Edward Threlfall was an English professional footballer. He spent eleven years at Blackpool in the early 1900s, making over three hundred Football League appearances for the club. He played as a defender.

==Career==
Threlfall made his debut for Blackpool in the opening League game of the 1900–01 season, a goalless draw at New Brighton Tower. He went on to appear in 29 of their remaining 33 League games that season. He also became possibly the first Blackpool player to be sent off in a League game. During the fixture against Burslem Port Vale on 15 December, Threlfall was given his marching orders for "rough play" when "a regrettable incident occurred about three minutes off time". Threlfall later complained that he had not been cautioned "before the referee took this extreme course".

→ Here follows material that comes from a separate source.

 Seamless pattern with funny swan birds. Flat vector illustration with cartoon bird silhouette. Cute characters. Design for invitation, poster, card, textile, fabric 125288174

In 1901–02, Threlfall missed only two of Blackpool's 34 League games. He also scored his first goal for the club, in a 1–1 draw at home to Glossop North End on 1 February.

He made 26 League appearances in 1902–03, including one game at right-back while Bob Birkett was unavailable. He scored two goals — the first in a 2–1 defeat at Woolwich Arsenal on 8 November; the second in a 2–0 victory over Manchester United at Bloomfield Road on 13 February.

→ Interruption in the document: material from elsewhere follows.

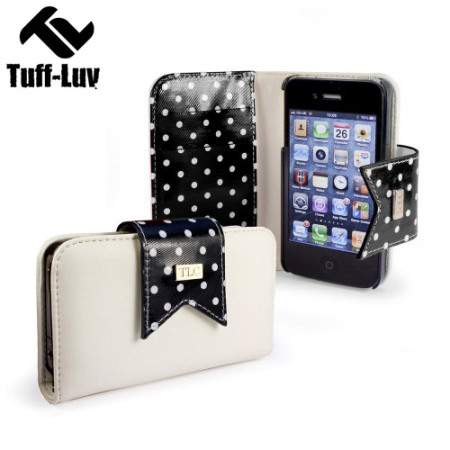 Tuff Luv Polka Hot Case for iPhone 4S / 4 - Black/White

Threlfall chalked up thirty League appearances in 1903–04, scoring one goal — in a 2–1 victory at home to Gainsborough Trinity on 19 March.

He scored the fifth goal of his career the following season, 1904–05, in a 6–0 home victory over Barnsley on 7 January, en route to making 32 League appearances. He also made his FA Cup debut for the club on 14 January, in a 2–1 defeat at Bristol City.

Threlfall missed only one game of Blackpool's 1905–06 League campaign, scoring one goal in the process — in a 3–0 home win against Clapton Orient on 27 April, in the final League game of the season. He also scored once in the FA Cup to take Blackpool to a second first-round replay against Crystal Palace.

In 1906–07, Threlfall made 36 League appearances. He also scored three goals, all at Bloomfield Road — in a 4–1 victory over Glossop North End on 20 October, in a 2–1 defeat to Nottingham Fores on 24 November, and in a 4–3 victory over Grimsby Town on 20 April, in the penultimate League game of the season.

Starts for Threlfall were sporadic in 1907–08. He made twenty League appearances in total, but he sat out fifteen consecutive games between November and February. He scored one goal, in a 3–0 home win over Grimsby Town on 1 April.

Threlfall made 28 League appearances in 1908–09. He scored one goal, in Blackpool's 2–0 FA Cup first-round victory over Hastings & St Leonards United on 16 January.

In 1909–10, his tenth season with Blackpool, Threlfall made 31 League appearances.

1910–11 proved to be Threlfall's final season with Blackpool. He made eighteen League appearances, the final one occurring on 25 February, in a 2–1 defeat at Clapton Orient.